Every time we’re given more information about the requirements for completing this journey successfully, I have a mini panic attack. Yes, it’s incredible that I’ll have a team of mentors who will be monitoring my personal and professional growth for the next two years. It’s incredible that they don’t just care about my grades, but also about the state of my heart. They want to make sure that I’m healthy before I’m given the title of professional helper, and that I’m truly learning the skills essential to be a therapist – empathy, listening well, asking good questions. It’s incredible, really, that so much attention is being paid to me.

But honestly, it makes me want to wet my pants. I want to be the perfect student who graduates with honors, and completes every single requirement in two years instead of the usual 2.5 – 3 years.

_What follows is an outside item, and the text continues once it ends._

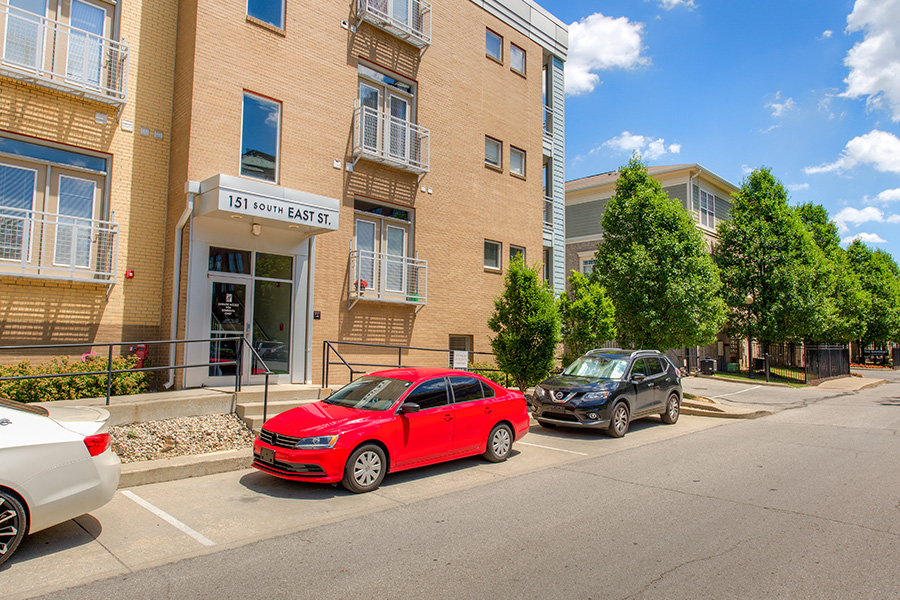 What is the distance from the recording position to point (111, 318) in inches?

I want to be the one who can balance a full load every semester while working part-time, being involved at my church, maintaining all my friendships, and flirting with attractive, bearded men. I want to be the one who’s got all the answers, the one who permanently fixes every client she meets with in practicum and internship. I want to graduate at 25 so that if I have the insane urge to pursue a PhD, I can attain that goal by 30. I want to always be ahead in every single class at any given time.

And then I contracted the plague last week and fell behind in all my classes as my brain turned to mush and my lungs worked overtime to keep up with my sickness. Oh, I still dragged myself to every class half-alive, but I couldn’t find the energy to go beyond that. And today, while I freaked out about the two tests I have this week and how I wouldn’t be this behind if I hadn’t gotten sick, I realized that I’d been trying so hard to be perfect that I’d forgotten how to just be.

More than all the things I listed above, I want to be a woman at rest in who she is and where she is. I want to be a woman who can ensure that her laudable desire for excellence doesn’t turn into perfectionism. I want to be okay with screwing this whole therapist thing up, and having to learn from that. I want to be okay with messing up and being a mess. And I don’t want to lose sight of the things I hold most dear in light of living up to these expectations. I love, more than many other things, long, organic, heartfelt conversations. A woman far too concerned with graduating in two years with a 4.0 has no time for people and long conversations. And I have no time for that woman.

So this year, I’m unclenching my fists for Lent. I’m giving up my desire for control and perfection, and I’m reminding myself that my identity doesn’t lie among the many hats I wear, or the title that will eventually be behind my name. My identity is first and foremost found in the Love that set me free, and if I let him, he’ll quiet my frenzied attempts at perfection with that love.

Today, instead of studying for a test, I baked tiramisu cupcakes with my neighbor and laughed at her “That’s what she said” jokes hysterically. It felt good to laugh. It felt good to be. And it felt heavenly to eat those cupcakes.